_Assignment:_ Nothing outside the range below should be printed. Output exactly the lines from the line with "Used Switch Switch" to the line with "Photo - Ramada", both included.

- - -

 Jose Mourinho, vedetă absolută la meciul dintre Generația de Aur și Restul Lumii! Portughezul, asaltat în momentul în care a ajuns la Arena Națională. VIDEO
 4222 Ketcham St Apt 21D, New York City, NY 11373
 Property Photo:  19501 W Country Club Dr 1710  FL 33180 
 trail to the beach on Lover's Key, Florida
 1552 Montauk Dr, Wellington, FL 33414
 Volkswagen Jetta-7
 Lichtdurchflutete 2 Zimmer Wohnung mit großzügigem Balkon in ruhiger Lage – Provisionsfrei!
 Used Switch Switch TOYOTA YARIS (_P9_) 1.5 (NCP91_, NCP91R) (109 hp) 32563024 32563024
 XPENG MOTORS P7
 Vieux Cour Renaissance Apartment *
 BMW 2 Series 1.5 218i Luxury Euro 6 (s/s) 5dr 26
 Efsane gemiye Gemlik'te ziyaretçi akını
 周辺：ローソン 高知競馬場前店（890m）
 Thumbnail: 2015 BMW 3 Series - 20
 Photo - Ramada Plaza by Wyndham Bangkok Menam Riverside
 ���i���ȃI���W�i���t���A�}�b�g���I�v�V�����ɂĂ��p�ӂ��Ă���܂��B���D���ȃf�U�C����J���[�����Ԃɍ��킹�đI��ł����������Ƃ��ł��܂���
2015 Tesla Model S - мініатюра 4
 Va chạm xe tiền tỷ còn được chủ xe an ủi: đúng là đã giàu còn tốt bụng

- - -

_Your response:_
 Used Switch Switch TOYOTA YARIS (_P9_) 1.5 (NCP91_, NCP91R) (109 hp) 32563024 32563024
 XPENG MOTORS P7
 Vieux Cour Renaissance Apartment *
 BMW 2 Series 1.5 218i Luxury Euro 6 (s/s) 5dr 26
 Efsane gemiye Gemlik'te ziyaretçi akını
 周辺：ローソン 高知競馬場前店（890m）
 Thumbnail: 2015 BMW 3 Series - 20
 Photo - Ramada Plaza by Wyndham Bangkok Menam Riverside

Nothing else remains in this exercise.